*Kate M.: And then the internet came to my house. And that little dial up connection changed my life. All of a sudden this comic from Japan was at my fingertips! I could find all sorts of websites about Sailor Moon and even more anime and manga. I devoured it all! I became almost as obsessed with these websites as I was with the series I was reading and watching. And soon I wanted to contribute to this community. I wrote my own, very bad, fanfic and went to make website to host the first few stories and fell in love with web design. Soon I was more interested in the web design part than I was in the fanfic (thank god, as I was very bad at writing fanfic). I started making websites about all my favorite series which lead me to all sorts of coding languages and information hierarchies. By that time I was working in my public library as a shelver…and they asked me to help them build a collection of manga and comics and I was hooked. I haven’t looked back since!

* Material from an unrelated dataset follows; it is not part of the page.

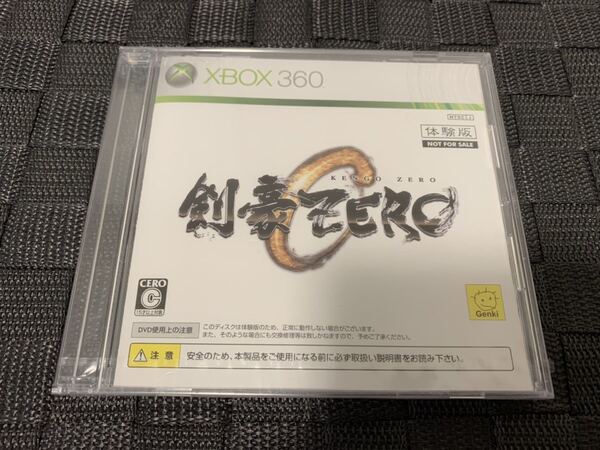 XBOX360体験版ソフト 剣豪ZERO 体験版 KENGO 0 ZERO XBOX 360 DEMO DISC Microsoft 非売品 送料込み SAMURAI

*Tessa: For a long time YA was the genre where you could do ANYTHING. Genre-bending, pushing the envelope re: sex and narrative, you could experiment—the only thing you had to have in the story was some kind of teenage experience. I do think that YA has specialized a bit more in the past five years, and it's united by the Teen Experience—regardless of genre—and opening up in huge ways to marginalized teen experiences.
I love the intimacy and immediacy of YA. Most of it, especially the successful books, put the reader right into the heart (narratively and emotionally) of a character, and pull the reader along unstoppably until the last page. YA is the kind of genre where you can hope for and even expect to not want to put a book down until you finish. Not because they’re all action-oriented page-turners, but because you become that character, and invest in them in a way that isn’t always present in other genres.